REGNUM: Актуализация определенных тем в науке, видимо, влечет за собой актуализацию ряда источников, которые до сих пор оставались маловостребованными?
Да, это так. Российские архивы содержат совершенно неожиданные кладези источников по истории Западной Европы. Мы обязаны этим, в частности, первому большевистскому правительству, которое считало, что должно знать свою историю и предысторию. Институту Маркса и Энгельса еще при Ленине были выделены по тем временам довольно большие деньги, и его первый директор - старый большевик Давид Борисович Рязанов - человек поразительной эрудиции, много лет проживший в эмиграции, друживший со западными историками, купил за границей много совершенно уникальных документов. Он покупал их не только у частных лиц, но, как я подозреваю, иногда и у архивистов, которые не имели права этого делать, но они нуждались в деньгах, и продавали. К тому же в то время история социалистических учений и рабочего движения была не особенно в чести у историков за пределами СССР, и судьба соответствующих документальных собраний мало кого волновала. В результате в Центральном партийном архиве (ныне Российский государственный архив социально-политической истории, РГАСПИ - ИА REGNUM) появилась, скажем, семейная переписка Огюста Бланки и в том числе поразительный документ - маленькое письмо Огюста Конта к матери Бланки, которое я публикую в своей книге. В этом письме философ и социолог, основатель позитивизма просит мать человека, который всю жизнь только и делал, что устраивал восстания, передать Бланки в тюрьму свои программные произведения и при этом отзывается о знаменитом бунтаре с глубоким уважением. Ни один из исследователей биографии Конта или Бланки на Западе даже не знает о существовании такого письма. Дело не только в том, что в советские времена Центральный партийный архив был трудно доступен для иностранных ученых, но и в том, что исследователи просто не знали и до сих пор не знают, что именно они могут там найти.

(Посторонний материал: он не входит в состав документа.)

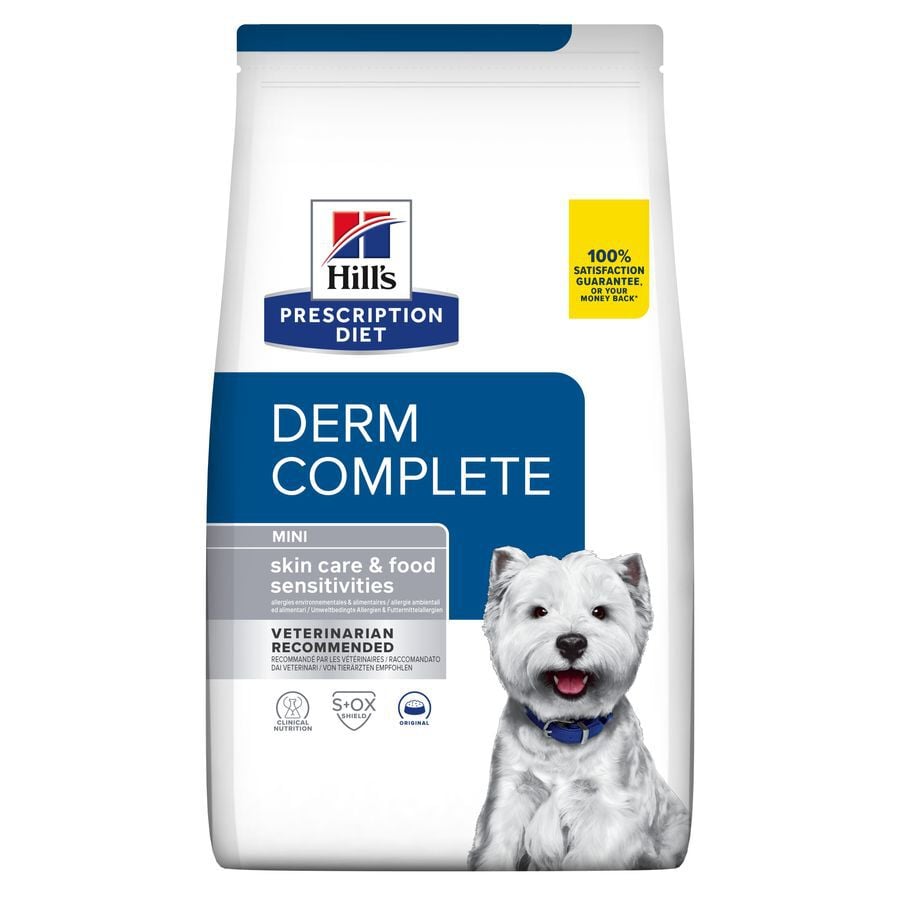 6 kg Hill's Prescription Diet Derm Complete Mini pienso para perros, , large Imagen numero 1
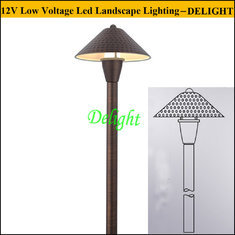 China Chinese Aluminum LED Low Voltage Landscape Lighting design LED Yard Light 12V Outdoor Led Path Lighting supplier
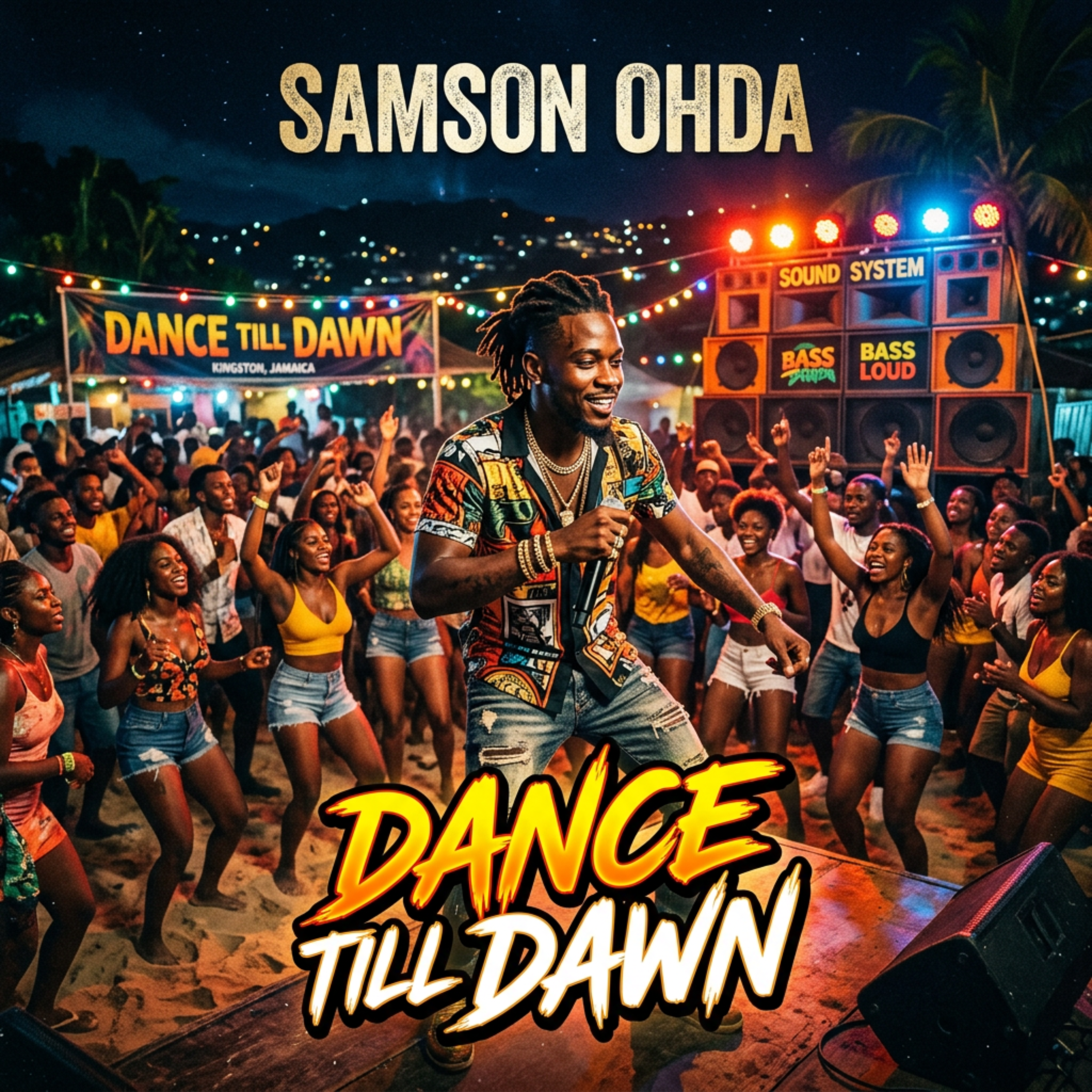 Dance Till Dawn by Samson Ohda  cover art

Кроме того, я использовал в своей книге уникальные гравюры XVIII - XIX вв., которые хранились в Музее Маркса и Энгельса. После того, как этот музей был ликвидирован, его фонды влились в тот же РГАСПИ. Эти гравюры не только передают атмосферу известных политических событий, но и подчас открывают их изнанку. Взять, скажем, такое известное событие, как поход парижанок на Версаль 5 октября 1789 года, в результате которого женщины вынудили короля Людовика XVI переехать в Париж, где он оказался под пристальным наблюдением революционеров. Я привожу гравюру, изображающую, как парижанки с триумфом возвращались из Версаля - на орудийных лафетах, веселые, в обнимку с национальными гвардейцами... Такова революция; в ней все всегда перемешано.
REGNUM: Ваша новая книга, это, несомненно, оригинальное исследование, но некоторые параграфы текста подчас очень близки к вашим более ранним исследованиям, опубликованным еще в 80-е годы.
История не изменилась из-за того, что мы жили при социализме, а теперь живем при капитализме. Мы сами, конечно изменились, но в том и состоит профессиональный долг историка, чтобы, преодолевая собственные иллюзии, пристрастия и диктат конъюнктуры, описывать прошлое, а не собственное сознание с помощью конструкционных материалов, взятых из прошлого.